• _EXERCISE_
Only the pictures are to be left out, and the rest of the entries should be reproduced exactly.

• _INPUT_
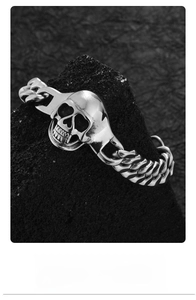 Macro shot of punk skull charm and heavy metal chain on black rock background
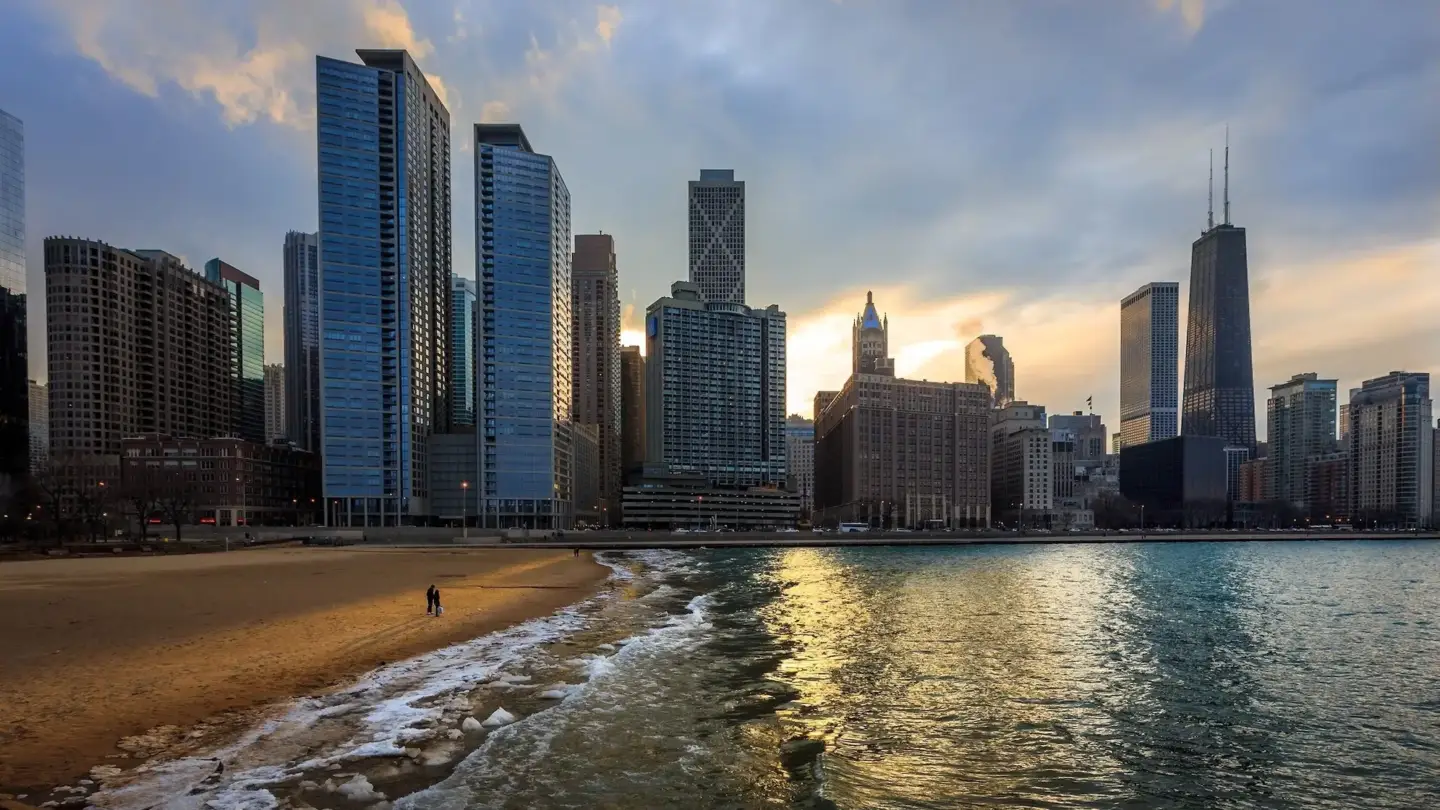 Chicago skyline at lakeshore sunset, 3D rendering Chicago style with beach, water, and tall towers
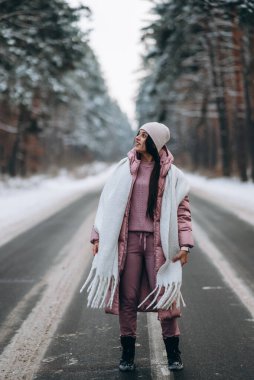 Karlı ormanda bir yolda beyaz bir kadının portresi.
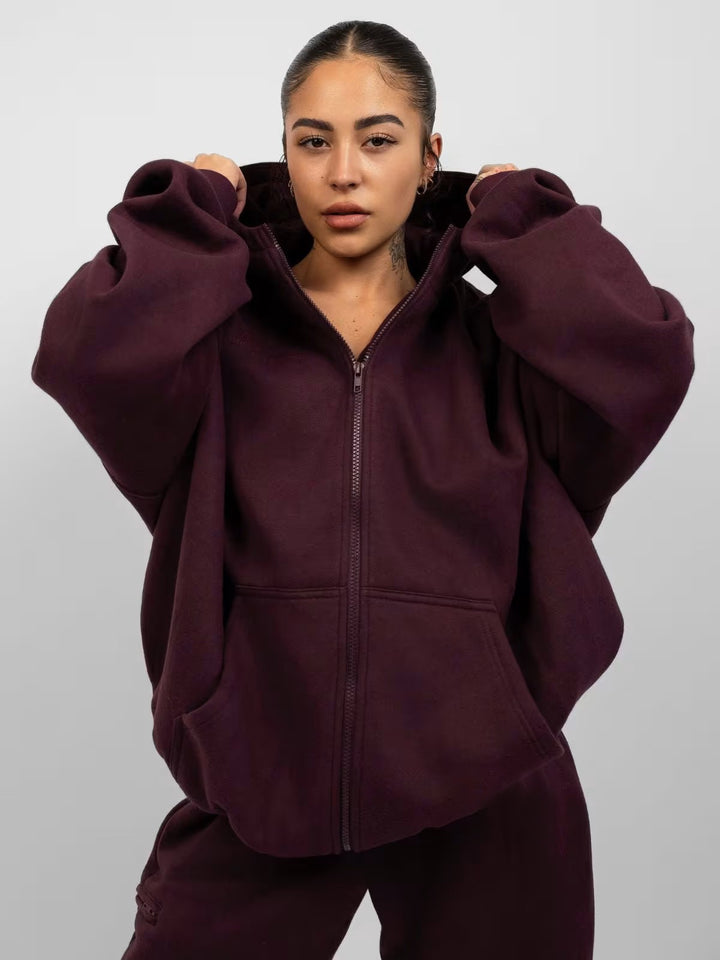 Kvinders sporty fleece-sæt med høj krave og praktiske lommer Skovae
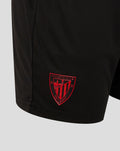Back view of black shorts with a red Athletic Club crest on the left leg.
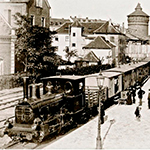 Historische Aufnahme einer alten Eisenbahn. Im Hintergrund ist einer der vier großen Nürnberger Stadtmauertürme zu sehen.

• _EXERCISE RESPONSE_
 Macro shot of punk skull charm and heavy metal chain on black rock background
 Chicago skyline at lakeshore sunset, 3D rendering Chicago style with beach, water, and tall towers
 Karlı ormanda bir yolda beyaz bir kadının portresi.
 Kvinders sporty fleece-sæt med høj krave og praktiske lommer Skovae
Back view of black shorts with a red Athletic Club crest on the left leg.
 Historische Aufnahme einer alten Eisenbahn. Im Hintergrund ist einer der vier großen Nürnberger Stadtmauertürme zu sehen.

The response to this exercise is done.